How it opens the inquiry

IA1 launches the single focus that you will carry across both concepts and the whole body of work. Because everything downstream depends on this focus, the Investigation has to do two things well: frame a focus and question that are open and researchable, and gather research that genuinely informs the direction rather than decorating it. A weak Investigation leaves the rest of the inquiry without solid ground.

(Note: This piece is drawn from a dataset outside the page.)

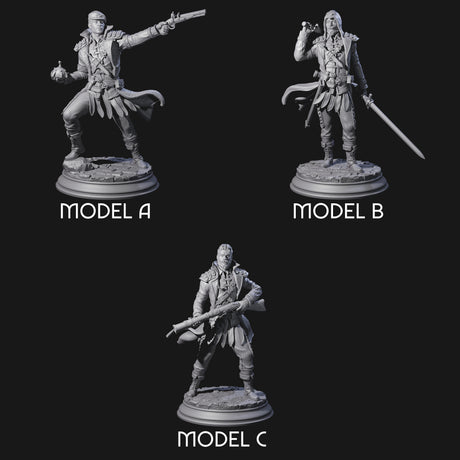 Ruthless Human Criminals Miniature for Dungeons and Dragons, Pathfinder or other TTRPGs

Making and responding in phase 1

Even though it is research-heavy, the Investigation is not a pure essay. It integrates making and responding from the start. The responding shows analysis and interpretation of researched artists across the relevant contexts; the making shows early experiments that test ideas, materials or approaches the research suggested. The two should visibly inform each other, demonstrating the loop that drives the subject.

Using the four contexts

The Investigation positions your inquiry within the contemporary, personal, cultural and formal contexts. Naming the contexts you are working through sharpens both the research and the focus. Most strong investigations lean on one or two contexts while acknowledging others, rather than spreading thinly across all four.

Presenting evidence of inquiry

Because it is assessed, the Investigation has to make your thinking visible. Evidence of developing and researching includes the framed inquiry question and focus, the analysis of researched artists, the early experiments, and the reasoned links between research and your own direction. The presentation should let an assessor follow the chain from stimulus to focus to early decisions without guesswork.

What IA1 is not

The Investigation is not the resolved body of work and not a finished concept. It is the opening phase, so it is judged on the quality of the inquiry it sets up, not on polished outcomes. Trying to resolve the work in IA1 misreads the instrument; over-finishing here can even weaken the evidence of genuine investigation.